Parlare di ecodesign e di moda nella stessa frase è spesso difficile, tra accuse di greenwashing ai maggiori brand e l’effettivo impatto ambientale del fashion, più che mai allarmante, ma qualcosa sta forse finalmente cambiando.

La cosiddetta fast fashion può sembrare il concetto più lontano in assoluto da quello di ecodesign, ovvero di progettazione di prodotti e di sistemi (economici e sociali) che rispettino maggiormente l’ambiente.

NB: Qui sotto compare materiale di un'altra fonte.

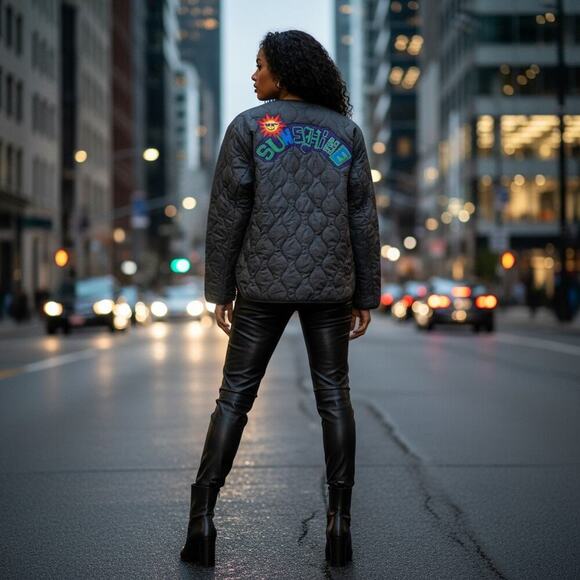 First Row Denim Sunshine Black Quilted Jacket Small Streetwear Bomber NWT - Picture 8 of 12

La fast fashion, la moda passeggera, fatta di trend che durano poco e di prodotti che consumano molto, ma avranno una vita breve, è nel centro del mirino e molti noti brand, se parlano di ambiente e sostenibilità vengono accusati di farlo solo per ripulire la propria immagine, ma qualcosa forse sta per cambiare.
Soprattutto le nuove generazioni, sposano un atteggiamento e uno stile di consumo sempre più green e non possono quindi non riflettere sull’impatto dell’industria tessile sul pianeta.

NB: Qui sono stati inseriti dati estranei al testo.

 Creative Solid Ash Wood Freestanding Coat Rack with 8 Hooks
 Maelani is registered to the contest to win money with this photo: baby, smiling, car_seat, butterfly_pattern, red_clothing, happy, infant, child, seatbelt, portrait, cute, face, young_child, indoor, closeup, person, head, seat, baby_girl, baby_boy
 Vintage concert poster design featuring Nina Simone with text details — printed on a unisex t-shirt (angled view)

Fortunatamente, in atto c’è una piccola rivoluzione, grazie a noti brand come Zara o H&M che, un po’ proprio per strizzare l’occhio alla loro clientela presente e futura e un po’ per una reale sensibilità, stanno avviando strategie di circolarità e sostenibilità, nel complesso decisamente apprezzabili.
La fast fashion cerca di rallentare

Nel novembre 2022 la multinazionale spagnola ha lanciato un progetto chiamato “Pre-Owned”, che ha lo scopo di supportare i clienti nel riparare, rivendere o riciclare i propri abiti e accessori.
Questo consente come ovvio di allungare la vita dei capi e/o delle materie prime di cui sono composti, con ricadute positive, non solo sul piano economico, ma anche su quello ambientale.
Oltre al servizio di riparazione di Zara, direttamente dei punti vendita, il programma prevede una piattaforma dedicata per la rivendita dell’usato.
C’è poi, fin dal 2015, la possibilità di richiedere in diversi paesi nel mondo il ritiro a domicilio di capi da donare, ad esempio alla Croce Rossa.
Anche le iniziative di H&M sono interessanti in un’ottica di sostenibilità, promossa con crescente decisione dal noto brand svedese. Il progetto di punta in questo caso si chiama “Take care” e si concentra sulla responsabilità degli stessi clienti.
Non solo infatti la moda inquina e spreca durante le fasi di produzione e commercializzazione, ma anche una volta acquistati, l’impatto ambientale dei capi non finisce e si stima che per il 10% dipenda quindi proprio da chi li compra.
Sul sito del brand è stato quindi predisposto un vero e proprio manuale che spiega ai clienti come prendersi cura del proprio guardaroba per farlo durare più a lungo.
Ci sono ad esempio consigli, semplici, ma preziosi sulla giusta frequenza e modalità con cui lavare i vari capi, con relativo effetto sul clima. Ad esempio, banalmente, sarà molto meglio usare la lavatrice un po’ meno spesso, ma solo a pieno carico.
Queste iniziative vanno in una direzione ben precisa che poi è quella richiesta dal mercato e sarà sempre più così, con i consumatori di domani che con ogni probabilità saranno sempre più esigenti anche sul fronte della sostenibilità ambientale.
La moda impatta ancora molto, ma ogni segnale di un cambio di rotta è positivo. Non bisogna però assolutamente abbassare la guardia, i margini di miglioramento sono enormi.